**Supplied information**
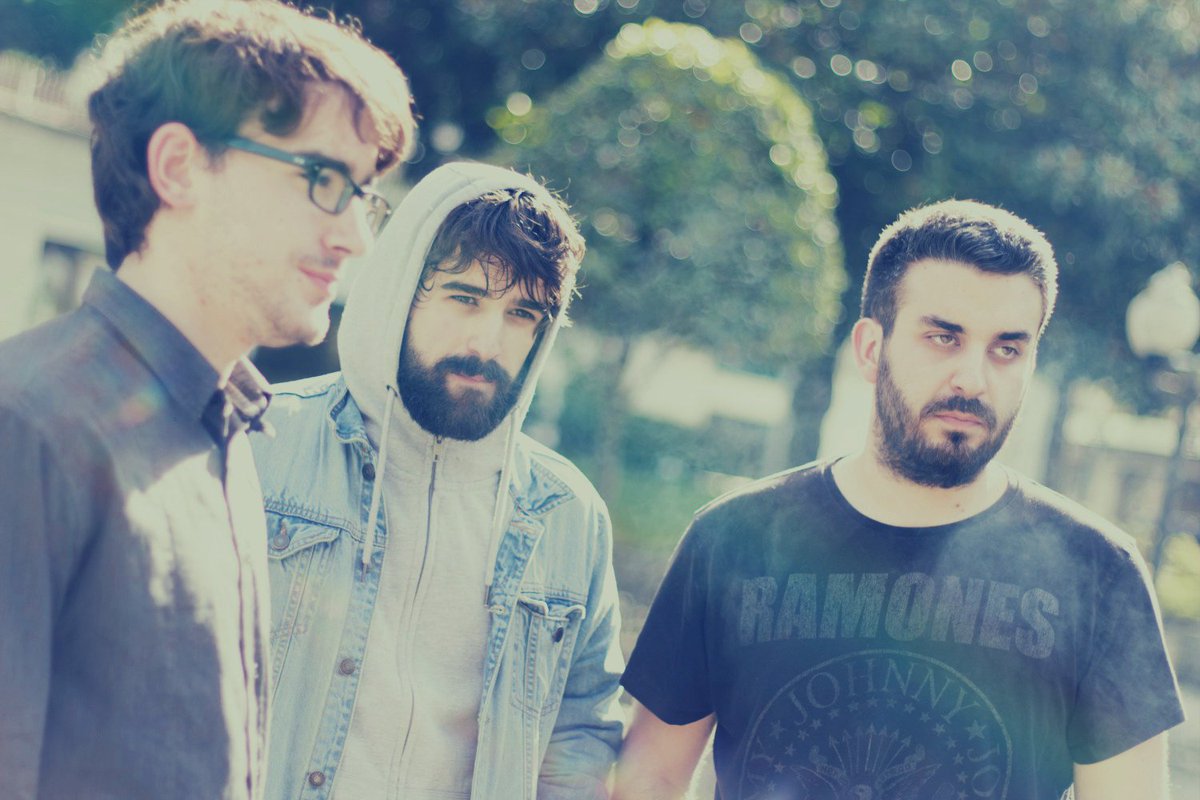 As músicas de <a href="/superoitopunk/">SUPEROITO #ACCIÓTOUR</a>, dispoñíbeis en descarga gratuíta! musigal.ga/2017/03/todas-…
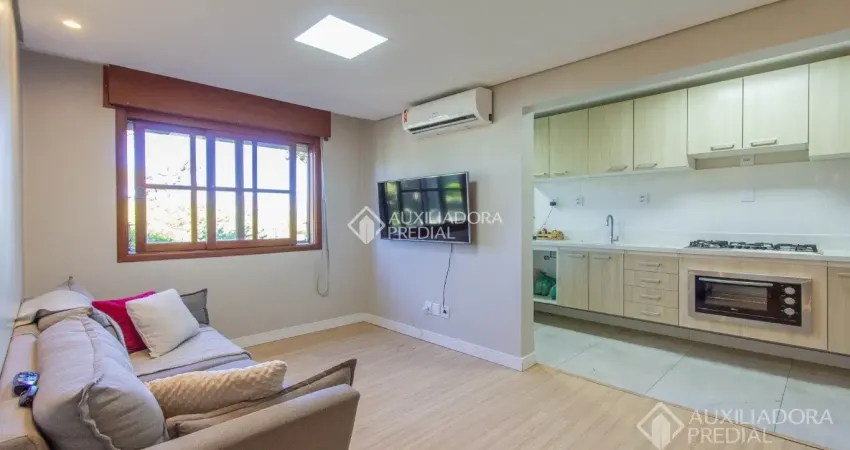 Apartamento 3 quartos, com 1 vaga de garagem no Bairro Petrópolis!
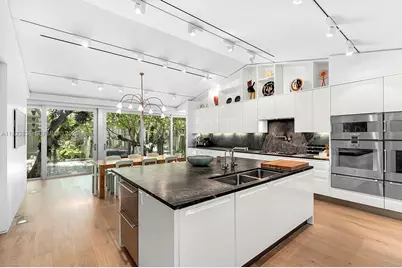 11 La Gorce Cir, Miami Beach, FL 33141 - Photo 7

**Exercise goal**
Line by line, give the material above again exactly, but without any pictures.

**Solution to the exercise**
 As músicas de <a href="/superoitopunk/">SUPEROITO #ACCIÓTOUR</a>, dispoñíbeis en descarga gratuíta! musigal.ga/2017/03/todas-…
 Apartamento 3 quartos, com 1 vaga de garagem no Bairro Petrópolis!
 11 La Gorce Cir, Miami Beach, FL 33141 - Photo 7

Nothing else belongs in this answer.